Well, almost all original. Missing is the leather saddle that was changed out many, many years ago by the original owner who I just bought the bike from. I just replaced the original Hutchinson tires that were all dried out...yet kept the Hutchinson tubes that are still holding air!
NOTHING on the bike (except the saddle) had been changed since it was purchased. The decals are in perfect condition, and just minor chips exist on the frame. The brake cables have cracked in a few places, but even the brake pads are original and show little if any wear. 
The Simplex front derailleur, which we all know is prone to breaking/cracking, is even in perfect shape. 
All in all, a true survivor...unmolested in over 40 years of ownership. And barely ridden when the original owner had it.
Frame size is way to small for me, but I had to have it anyway. Still, I'll be listing it for sale here on Long Island (pickup only) shortly to someone I hope can appreciate it. Bikes this old in this condition rarely come along...

fred


----------



## bulldog1935 (May 24, 2017)

pretty amazing find.  Now you have to ride it - looks like the owner didn't...


----------



## Dale Alan (May 24, 2017)

Very nice,that is a real beauty . I have always enjoyed their ride . I had one similar I went through and gave it to a youngster that wanted to try some "Old Steel" , as he called it...He loves it. Mine had a broken FD and guard so was not 100 percent original.


----------



## Cranky Chain Cycles (Mar 16, 2019)

What's a fair price for one of these w/o the pump?


----------



## juvela (Mar 16, 2019)

-----


Dating -

here is the U.S. market catalogue page for 1974.
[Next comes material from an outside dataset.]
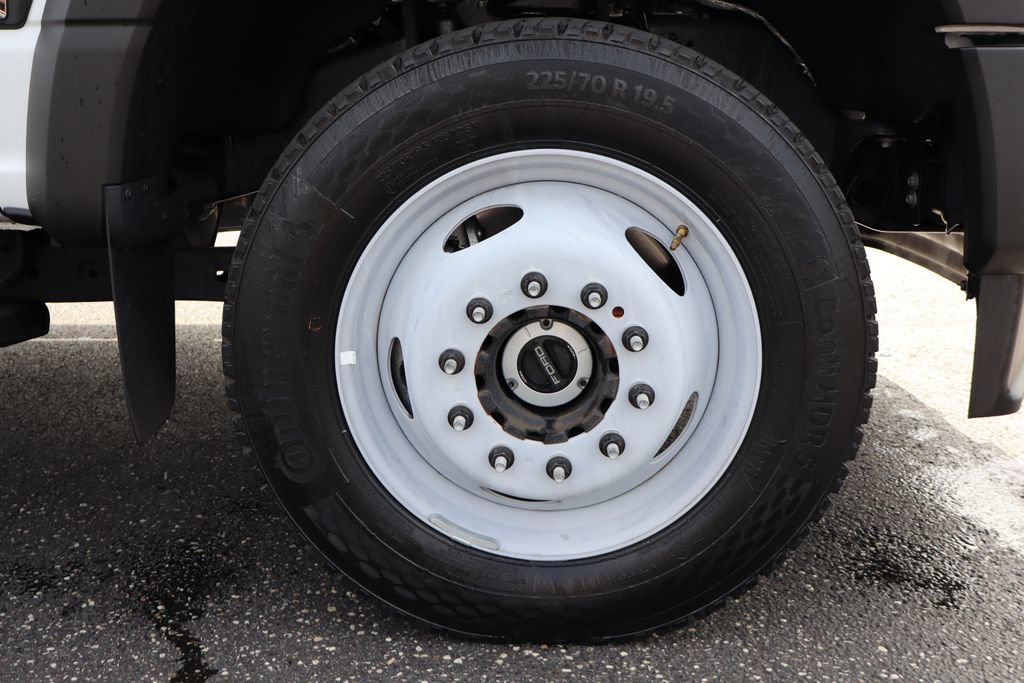 Used 2025 Ford F550 4x4 Crew Cab Super Duty image 10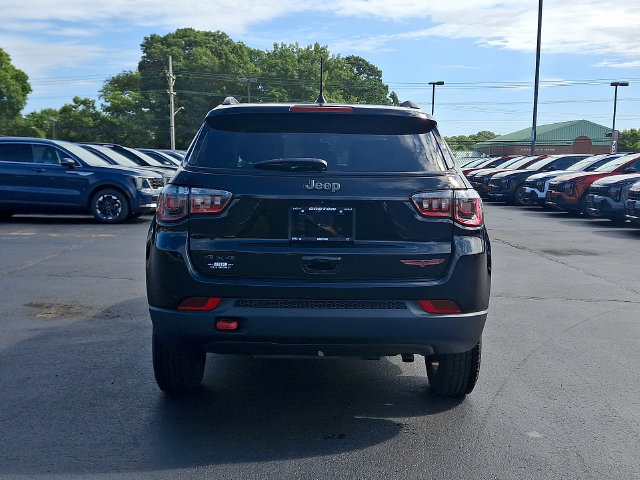 Used 2022 Jeep Compass Trailhawk w/ Trailhawk Convenience Group AWD/4WD image 5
note cycle still wears the Lyotard 36 pedals with bolt-on Cibie reflectors rather the the Lyotard 136R with integral reflectors.

note head emblem is still a transfer rather than a 3D one affixed with rivets.

doubt machine can be earlier than the 1975-76 time. (unable to locate '75-'76 catalogues online)

specific datum can be harvested from Lucien stern mech -





Rampant lion missing his _chapeau de valve arriere._

_-----_


----------